Todos esses comentários reforçam minha impressão quanto à excelência do trabalho de pesquisa que resultou em "Meninos, Poetas & Heróis". Meu comentário crítico foi inspirado na conclusão do livro. Ao encerrar o exame das obras-chave de Cassiano Ricardo, diz Luiza Moreira:
"Já não é difícil compreender por que se formaram tantos silêncios em torno da figura deste escritor. A fotografia do poeta e Getúlio, lado a lado, na cerimônia de posse do ditador na Academia Brasileira de Letras é intolerável: Cassiano Ricardo, como escritor engajado e intelectual orgânico, poderoso do Estado Novo".

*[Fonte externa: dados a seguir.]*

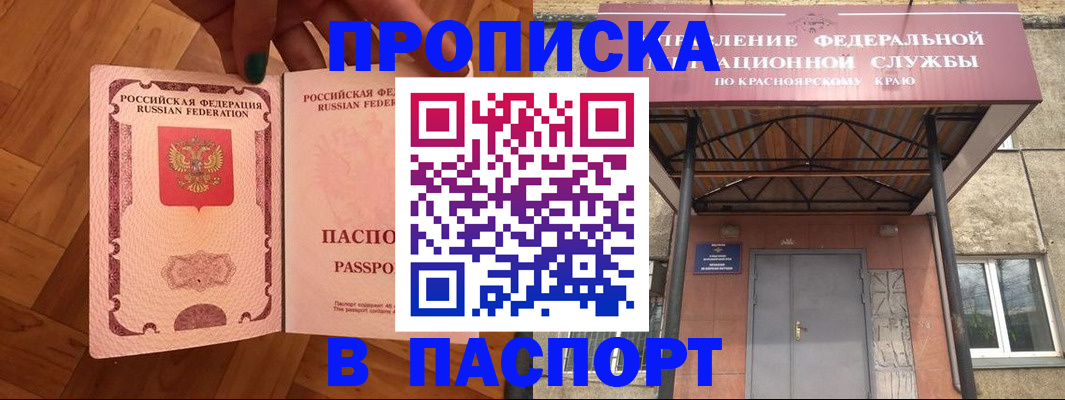 временная регистрация адрес в Волжске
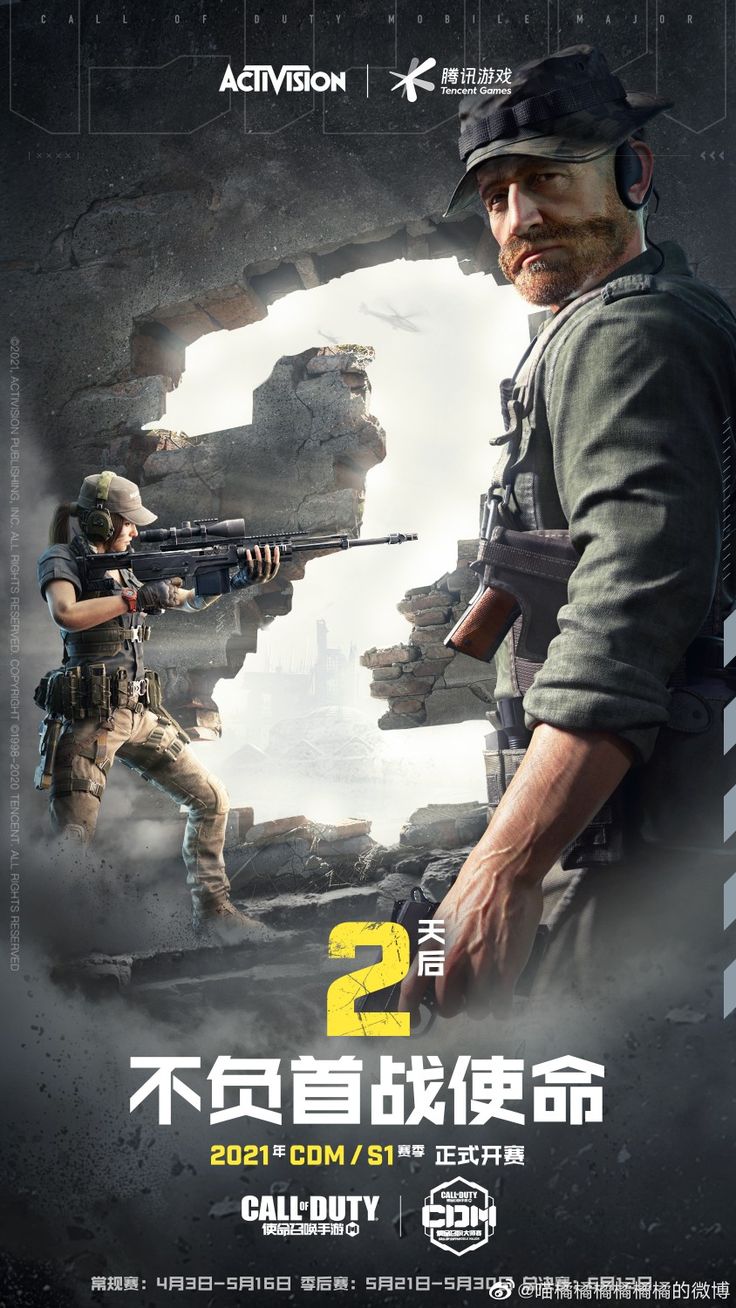 Call of duty mobile wallpaper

A aproximação dos intelectuais com o poder na era Vargas, fartamente documentada, não provocou os "silêncios" que Luíza Moreira, muito apropriadamente, diga-se de saída, identificou em relação à figura de Cassiano Ricardo. O silêncio se deveu, a meu ver, em parte ao desinteresse dos próprios defensores do modernismo em trazer para o âmbito do movimento sua face mais feia, adepta de um regime marcado pela perseguição aos intelectuais renovadores e liberais.
Mas gostaria de sugerir que o silêncio se deve, principalmente, à falta de som por recuperar ou sobre o qual se afinar. No rol das aproximações dos intelectuais com aquela conjuntura de poder, suspeito que alguns sobreviveram graças ao regime e, talvez, Cassiano seja um desses. Outros, como Drummond e Bandeira, ou músicos geniais como Villa-Lobos, tiveram que lidar com os constrangimentos que lhes provocaram tal aproximação. No caso de Cassiano, o poeta talvez não sobrevivesse sem o engajamento
Se estou correta, isto faz de sua obra algo datado. Se quisermos saber do Estado Novo, Cassiano Ricardo é fonte obrigatória. Esse o grande valor do livro de Luiza Moreira. Mas, se quisermos poesia, boa literatura e boa música, as fontes são outras: não há aproximação com o regime e foto alguma ao lado do ditador que possam calar os versos de Bandeira e de Drummond ou silenciar as notas de Heitor Villa-Lobos.
Foi um prazer ler este livro, porque é bem editado, bem escrito e traz como brinde o prefácio de Antonio Candido, presente que recebemos sempre com gosto.


Helena Bomeny é professora de sociologia da Universidade do Estado do Rio de Janeiro.